I asked what he had done in the basement and he swore under his breath. He went back downstairs and when he came back we were connected. Apparently he disconnected something downstairs and forgot to re-connect it. He did something and said I still needed to do the computer portion of it.

He wrote up our ticket and I thought he was charging us for the service call, but he said he was treating it as a troubleshooting call after all. I gave him a Christmas Cracker and he gave me his name (Roland) and his cell phone number in case we needed help within the next half hour and then he left.

A few moments later the doorbell rang and he was back and said he decided to do more for us, no charge. So he did the computer stuff and we were really up and running. I was so impressed I handed him a $20 bill out of gratitude.

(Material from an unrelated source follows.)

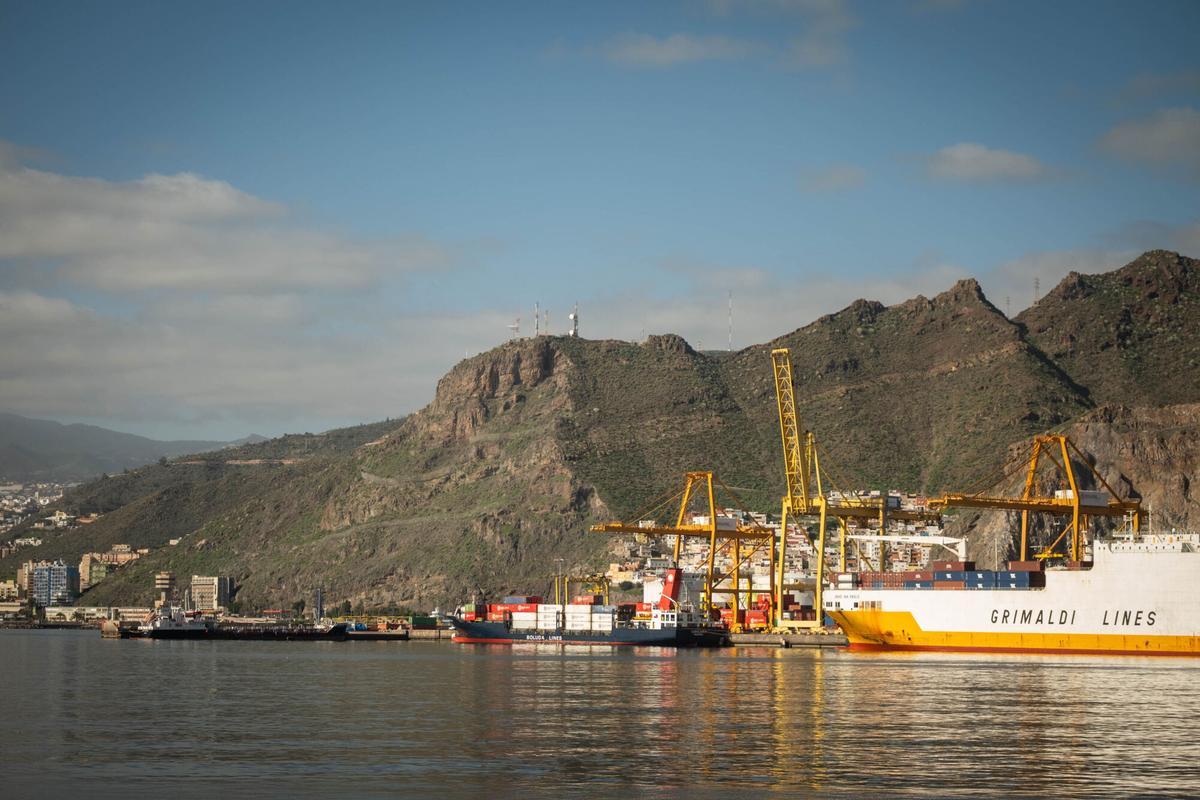 Vertido de gasóleo en el Puerto de Santa Cruz de Tenerife Vertido de gasóleo en el Puerto de Santa Cruz de Tenerife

We went out to dinner and my niece and kids used the connection that evening.

In the morning however, we could no longer connect to the internet and the correct lights were not flashing on the modem.

So I called Comcast again. This time two technicians came out. They used a device that measured something on the cable cord and said that it was very low -19 units. They fiddled around and got it up to +5. I mentioned that the guy last night said the best thing would be to have a direct connection and they concurred. I asked if they could do that, knowing it would cost money. They said it would not cost anything (Roland lied?) and the hooked it up for us. As far as I know, the connection is still working great.

Now for the TV issues. The On Demand aspect of the Cable interface was not reliable. Sometimes it worked but often it resulted in an error message directing us to call the cable company. After the technicians left that day my dad wanted a movie, but we got the error message so I once again called 1-800-comcast and once again made an appointment for technicians to come out. This time mom dealt with them and by the time I got home the cable was fixed. But for how long? I've since returned home to Maryland and have not spoken to my folks so I don't know if they are still ok, or if the cable is acting up again.